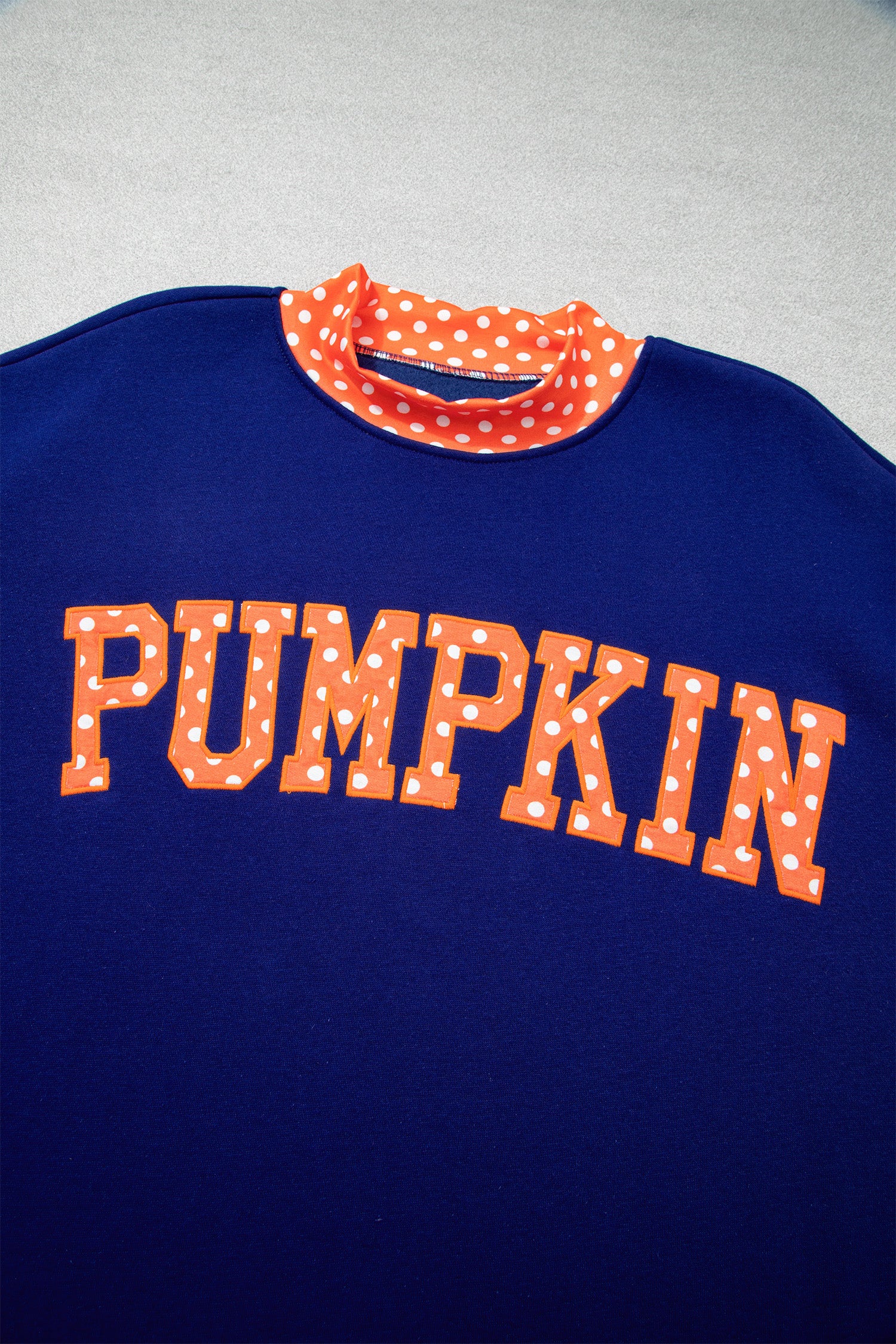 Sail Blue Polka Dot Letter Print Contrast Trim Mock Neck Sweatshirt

-*-*-

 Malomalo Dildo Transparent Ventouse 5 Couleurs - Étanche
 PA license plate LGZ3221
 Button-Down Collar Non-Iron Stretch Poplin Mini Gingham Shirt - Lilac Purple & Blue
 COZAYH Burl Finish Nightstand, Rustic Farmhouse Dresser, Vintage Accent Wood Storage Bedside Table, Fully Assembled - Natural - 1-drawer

-*-*-

### WORK TO COMPLETE
Would you quote everything above from the line containing "Malomalo Dildo Transparent" down to the line containing "COZAYH Burl Finish"? Include both of those lines and nothing else.

### COMPLETED EXERCISE
 Malomalo Dildo Transparent Ventouse 5 Couleurs - Étanche
 PA license plate LGZ3221
 Button-Down Collar Non-Iron Stretch Poplin Mini Gingham Shirt - Lilac Purple & Blue
 COZAYH Burl Finish Nightstand, Rustic Farmhouse Dresser, Vintage Accent Wood Storage Bedside Table, Fully Assembled - Natural - 1-drawer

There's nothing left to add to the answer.